Langgam.id - Pada masa kampanye Pilkada 2024, ujaran kebencian terhadap kelompok minoritas kian marak di platform TikTok. Pemantauan terhadap video terkait Pilkada di TikTok di lima provinsi menunjukkan bahwa 18,15% sampel video yang terkumpul, baik dari konten maupun komentar, mengandung ujaran kebencian.
Penelitian gabungan yang dilakukan oleh Aliansi Jurnalis Independen (AJI) dan Monash Data & Democracy Research Hub (MDDRH) ini menemukan bahwa ujaran kebencian terbanyak ditemukan pada konten terkait Pilkada di Jawa Barat (204 kasus), disusul Maluku Utara (159), Aceh (98), Nusa Tenggara Barat (80), dan Sumatera Barat (14).

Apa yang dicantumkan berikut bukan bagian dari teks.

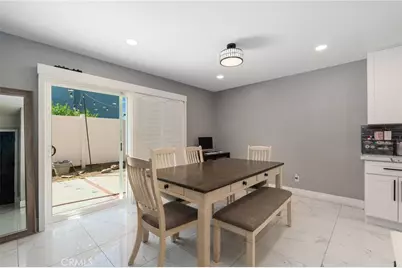 1510 Ashbury, Perris, CA 92571 - Photo 11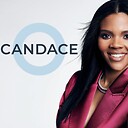 CandaceOwensClips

“Target ujaran kebencian berbeda-beda di tiap provinsi. Di Aceh, misalnya, kami menemukan ujaran kebencian terhadap pengungsi Rohingya. Meskipun belum ada video yang secara langsung menyerang Rohingya, komentar-komentar sudah bermunculan pada video-video kandidat, termasuk tuduhan bahwa kandidat tertentu membawa Rohingya ke Aceh,” ujar Co-director MDDRH Ika Idris dalam keterangan tertulis pada Jumat (1/11).
Di Maluku Utara, ujaran kebencian menyasar investasi asing asal China, yang menjadi tujuan utama ekspor nikel provinsi tersebut. Sementara itu, ujaran kebencian terkait agama, baik Islam maupun Kristen dan Katolik, banyak muncul di Jawa Barat, Maluku Utara, dan Aceh. Di Jawa Barat, sentimen keagamaan masih kental dengan narasi Pilpres, terutama ditujukan kepada pendukung Anies Baswedan yang disebut “anak abah.” Pengaruh Pilpres masih terasa di Pilkada Jawa Barat, apalagi karena PKS, yang dominan di wilayah tersebut, menarik dukungan untuk Anies dan merapat ke Koalisi Indonesia Maju Plus.

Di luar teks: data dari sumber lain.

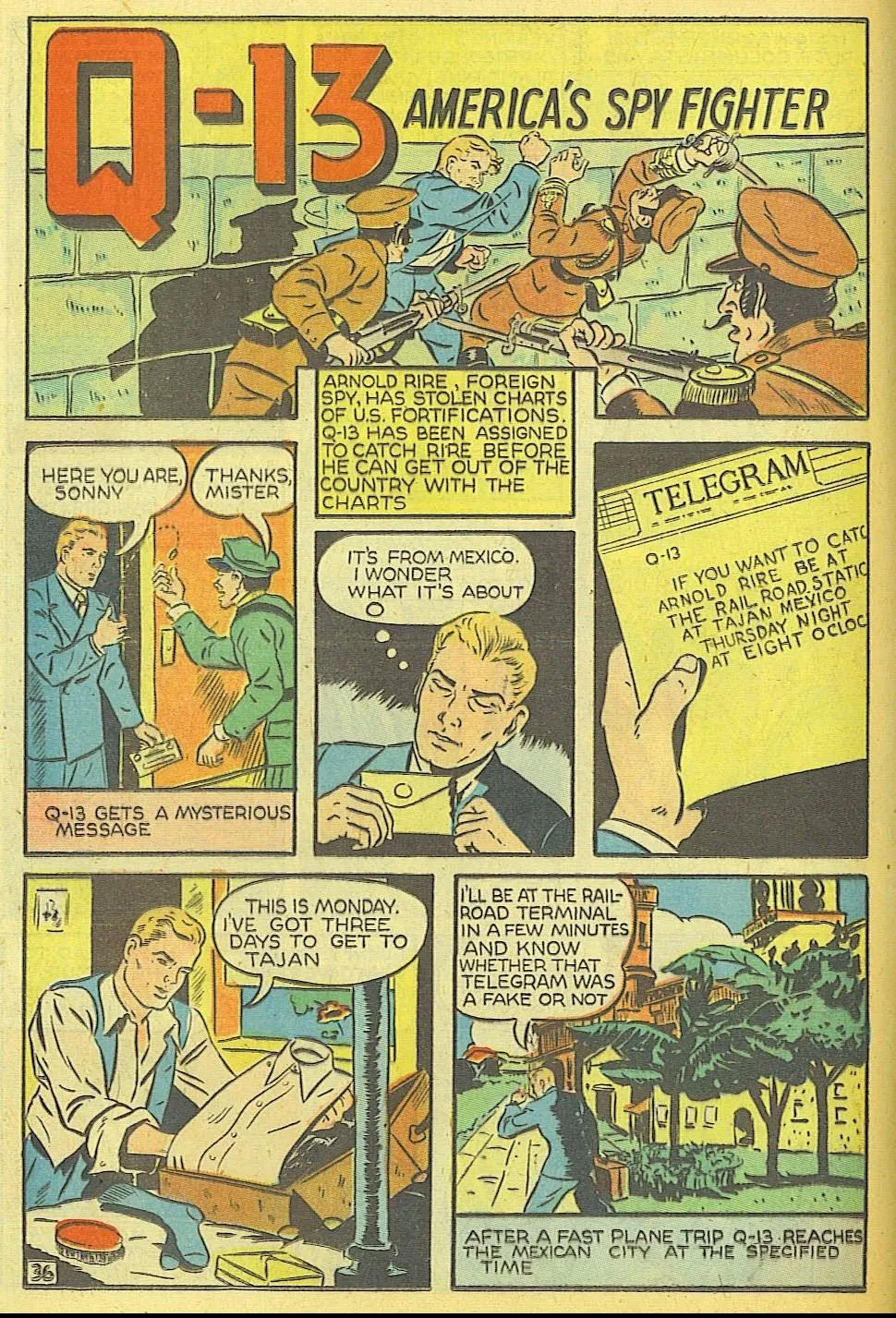 Super-Mystery Comics #5 part 38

“Ujaran kebencian terhadap kelompok Islam di Jawa Barat sangat kuat. Narasi ini berakar sejak Pilpres 2019 dan terus berlanjut, dipicu oleh wacana Anies yang sempat disebut akan maju di Jabar dan juga ketidakpuasan terhadap PKS yang batal mendukung Anies,” jelas Ika.
Di Nusa Tenggara Barat, ujaran kebencian terpantau terbagi menjadi dua narasi utama: pertama, kebencian terhadap kolaborasi politik antara dua mantan gubernur, Tuan Guru Bajang (TGB) Zainul Majdi dan Dr. Zulkieflimansyah; kedua, kebencian terhadap calon gubernur perempuan, Sitti Rohmi Djalilah, yang juga kakak kandung TGB. Di video terkait Pilkada NTB, banyak komentar yang mempertanyakan kelayakan perempuan sebagai pemimpin. Serangan berbasis gender ini juga ditemukan di Sumatera Barat, khususnya di Kabupaten Dharmasraya, di mana pasangan calon bupati dan wakil bupati yang keduanya perempuan akan menghadapi kotak kosong. Ujaran kebencian tidak hanya menyasar gender, tetapi juga proses pencalonan mereka yang dianggap bagian dari politik dinasti.
"Tingginya ujaran kebencian yang selalu muncul di pemilu harus direspons dengan langkah moderasi konten dari platform digital. Literasi digital saja tidak cukup; platform digital harus mengambil langkah untuk mencegah penyebaran konten kebencian," ujar Sekretaris Jenderal AJI Indonesia, Bayu Wardhana.
Tentang Pemantauan Ujaran Kebencian
Selama Pilkada 2024, AJI dan MDDRH memantau ujaran kebencian di TikTok dan Twitter. Dengan 441 kata kunci, pemantauan pada Agustus-September mengumpulkan 4.712 video TikTok dan 32.168 komentar. Dari jumlah ini, 2.512 data dipilih sebagai sampel, dengan 456 data mengandung ujaran kebencian. Kata kunci disesuaikan dengan konteks lokal di setiap provinsi.
“Pemantauan ini baru mencakup dua bulan pertama, belum termasuk Oktober. API TikTok hanya tersedia untuk peneliti di Amerika Utara dan Eropa, sehingga kami harus bekerja sama dengan universitas di Amerika. Indonesia adalah pengguna TikTok terbesar di dunia, namun sayangnya akses kami sangat terbatas,” terang Associate Professor Data Science Derry Wijaya, yang memimpin tim data scientist dalam pemantauan ini.